### DATA SECTION
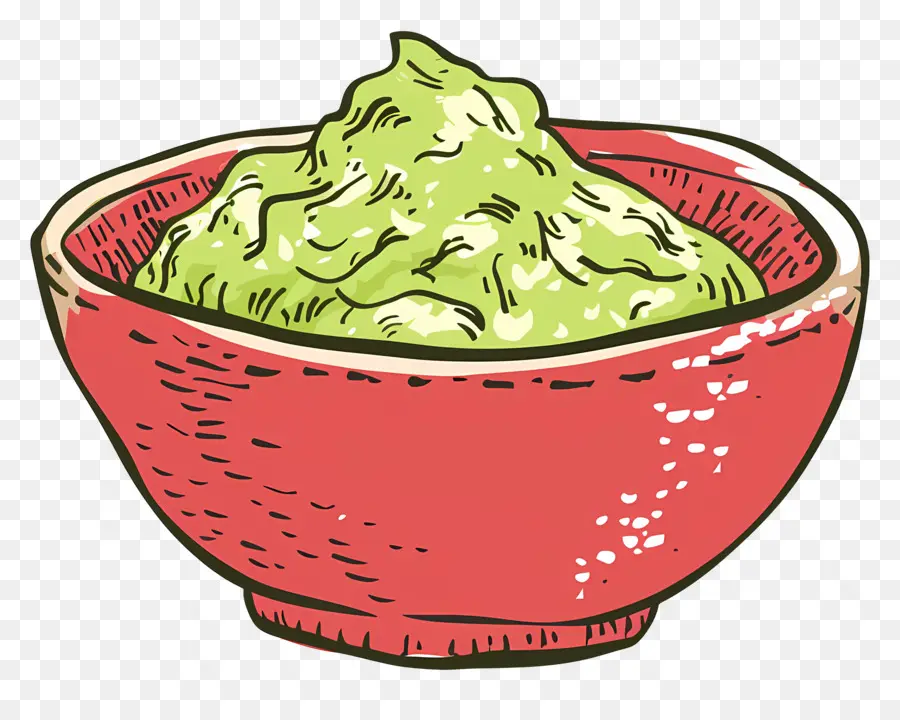 Guacamole，Slime PNG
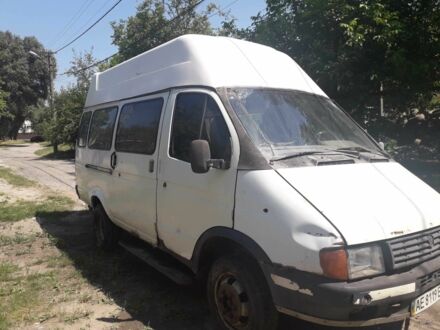ГАЗ 3221 Газель 1997 в Днепре (Днепропетровске) на Automoto.ua Белый ГАЗ 3221 Газель, объемом двигателя 2.5 л и пробегом 200 тыс. км за 800 $, фото 1 на Automoto.ua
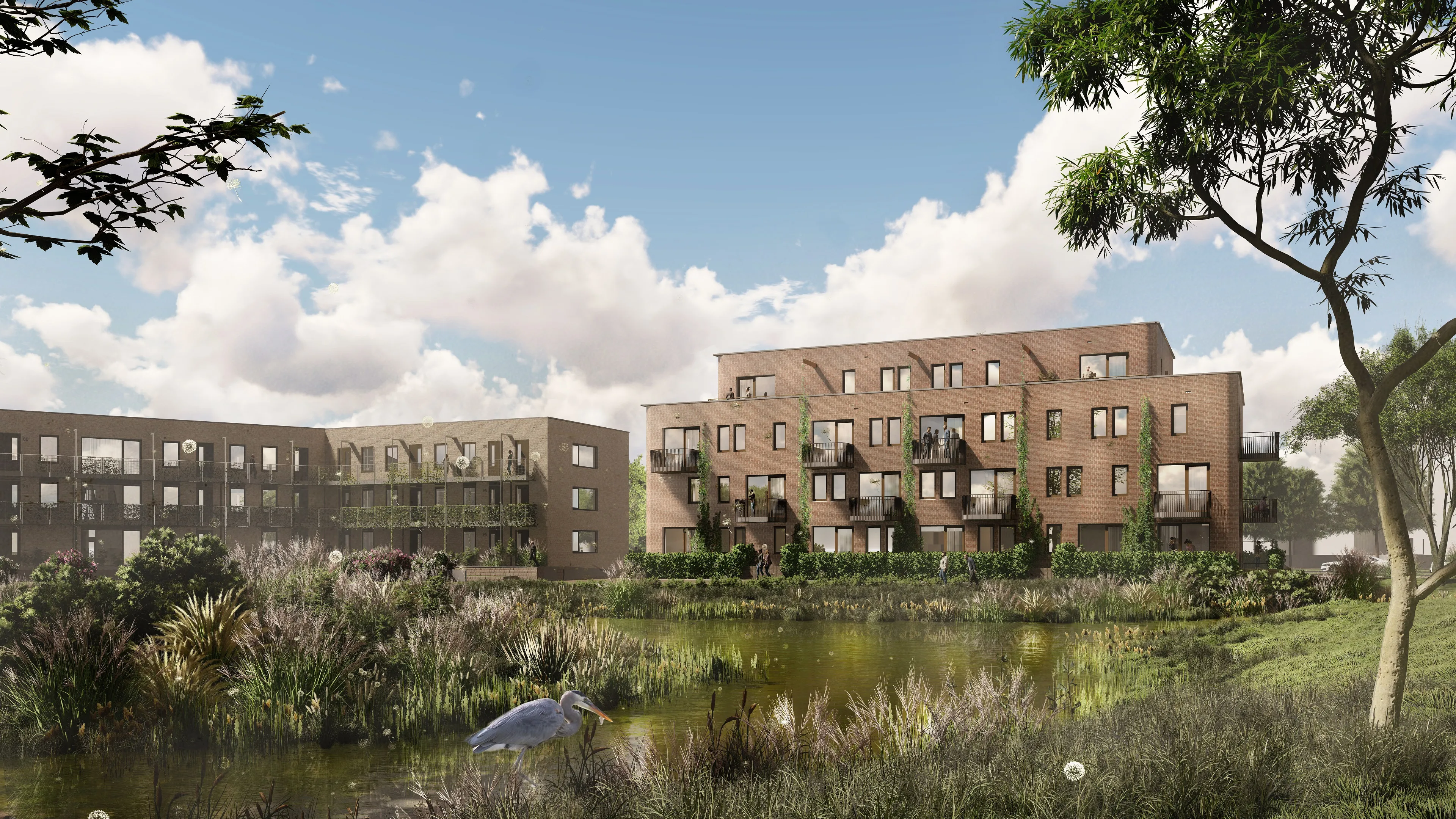 w19impressie achtergevel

### PROBLEM TO WORK ON
All of the data gets printed again exactly; the pictures do not.

### ANSWER TO THE PROBLEM
 Guacamole，Slime PNG
ГАЗ 3221 Газель 1997 в Днепре (Днепропетровске) на Automoto.ua Белый ГАЗ 3221 Газель, объемом двигателя 2.5 л и пробегом 200 тыс. км за 800 $, фото 1 на Automoto.ua
 w19impressie achtergevel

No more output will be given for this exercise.